Tronchoni Jordi, Gamero Amparo, Arroyo-López Francisco Noé, Barrio Eladio, Querol Amparo
Departamento de Biotecnología de Alimentos, Instituto de Agroquímica y Tecnología de los Alimentos, CSIC. P.O. Box 73, E-46100 Burjassot, Valencia, Spain.
Int J Food Microbiol. 2009 Sep 15;134(3):237-43. doi: 10.1016/j.ijfoodmicro.2009.07.004. Epub 2009 Jul 12.

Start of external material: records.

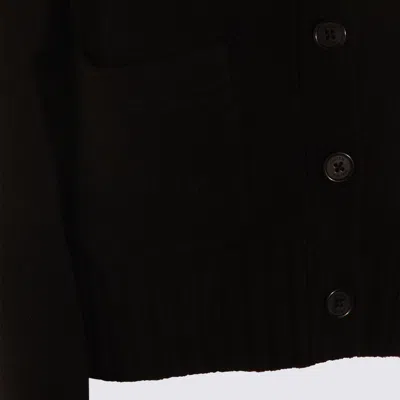 Kujiten Sweaters Blacks And Greys In Black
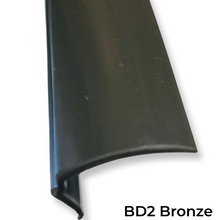 Load image into Gallery viewer, Snap-In Vinyl Glazing Bead BD2 Bronze 7 Ft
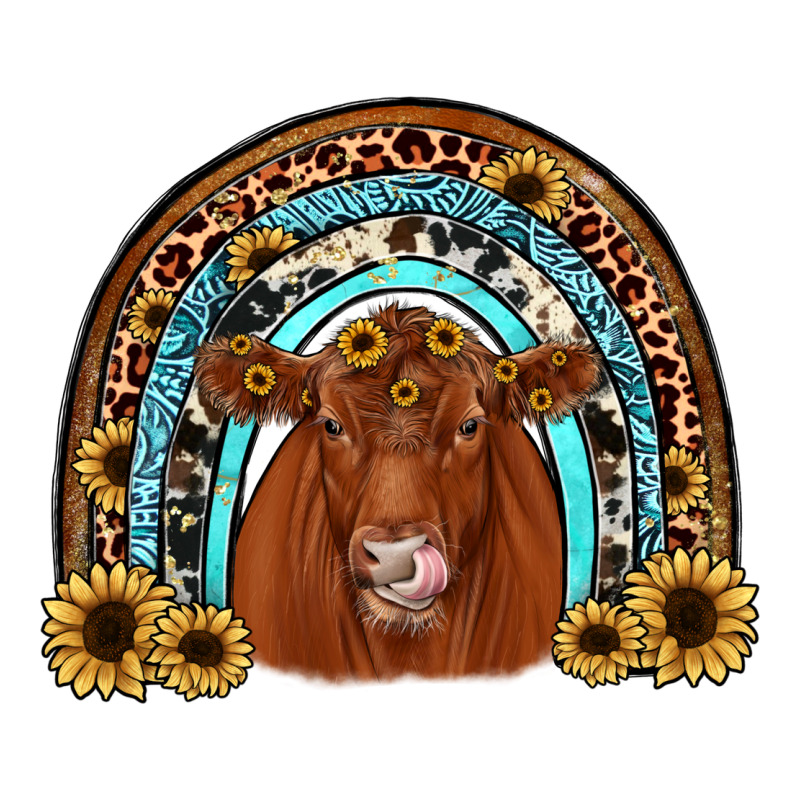 Red Angus Rainbow Premium Sweatshirt by JahusDesignShop | Teevron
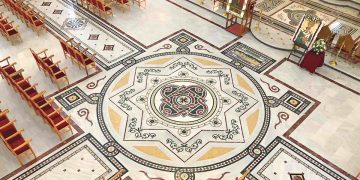 The more than 300 works of the Papathymiopoulos Marble Company are a guarantee of quality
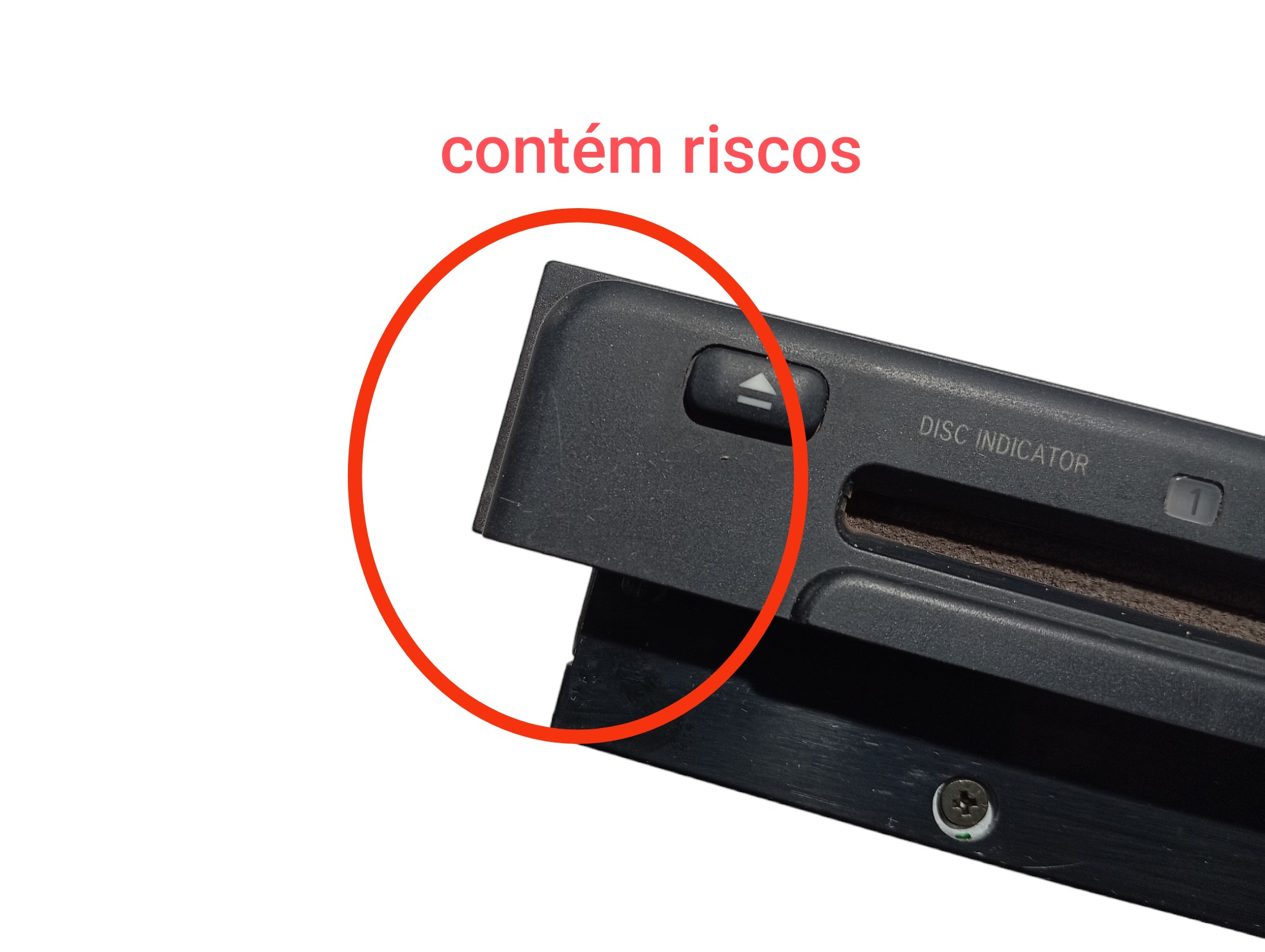 Rádio Cd Toyota Land Cruiser Prado 08601-12800 2004 5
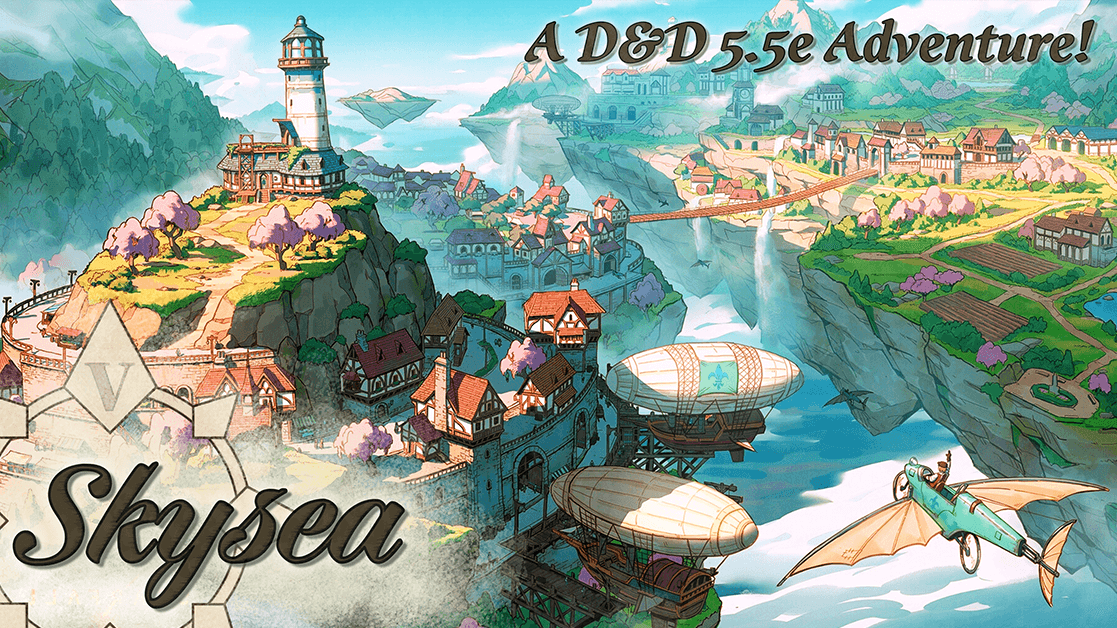 Steampunk Space Western with a Fantasy Twist! | Skysea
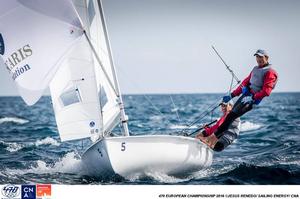  - Day 1, 2016 470 European Championship, Bay of Palma, Mallorca, Spain photo copyright  Jesus Renedo / Sailing Energy http://www.sailingenergy.com/ taken at  and featuring the  class
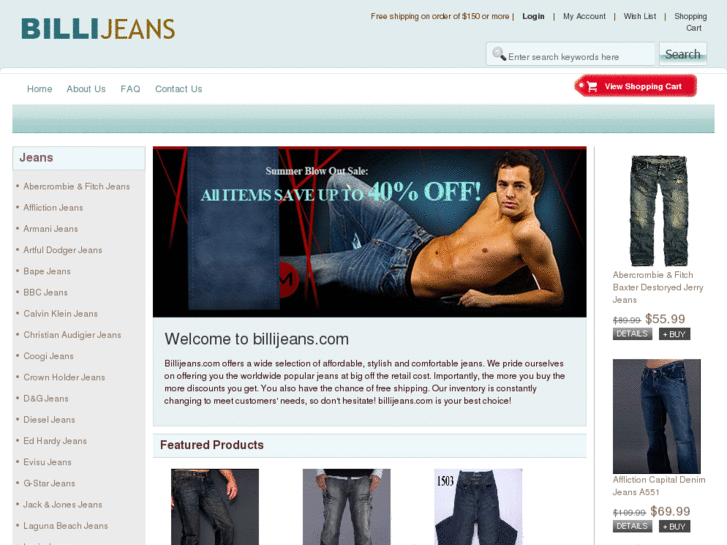 www.billijeans.com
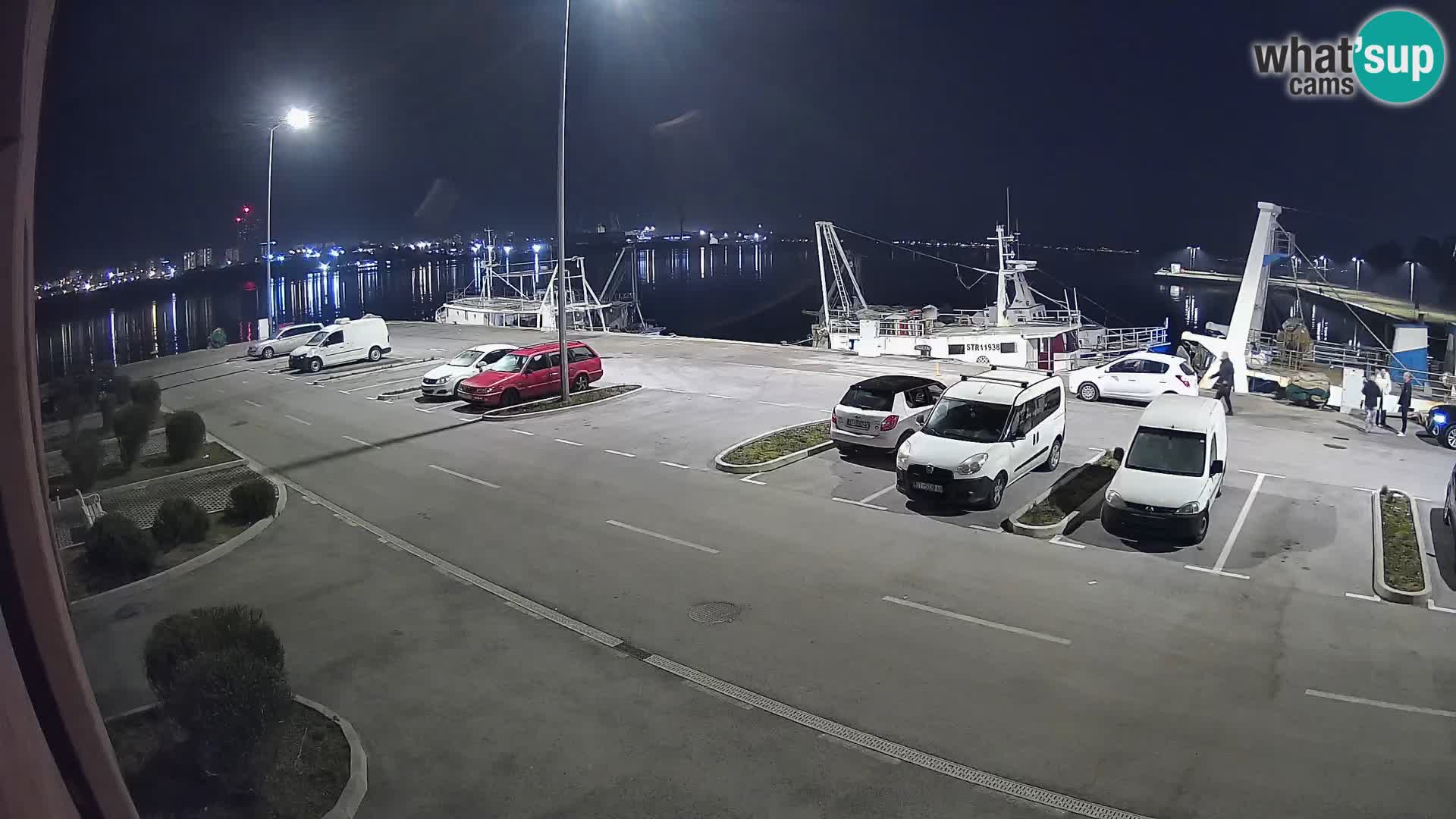 Webcam marina Kaštela – Split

Yeasts with a high fructose consumption capability are very important for winemakers to solve problems associated with sluggish or stuck fermentations causing undesirable sweetness in wines. In the present study, we analyze the kinetics of glucose and fructose consumption during wine fermentations performed at low (12 degrees C) and high (28 degrees C) temperatures by twelve different yeast strains belonging to the species Saccharomyces cerevisiae, S. bayanus var. uvarum, S. kudriavzevii as well as interspecific Saccharomyces hybrids. Different mathematical equations (sigmoid, exponential and linear decay functions) were used to fit, by means of linear and nonlinear regressions, the sugar degradation along the fermentative process. Temperature had an important influence on glucose and fructose consumption, and clearly different degradation profiles were observed at 12 and 28 degrees C. From the obtained equations, times to consume half and total of the initial glucose and fructose concentrations present in the must were calculated, allowing a quantitative comparison among yeasts in order to select the fastest fermentative yeast according to the fermentation temperature. In general, all yeasts assayed showed a slightly higher preference for glucose than fructose at both temperatures, confirming the glucophilic character of Saccharomyces wine yeasts. However, at low temperatures, some Saccharomyces yeasts showed a fructophilic character at the beginning of fermentation. This kind of studies can be very useful for the wine industry to select yeast strains with different glucose/fructose preferences.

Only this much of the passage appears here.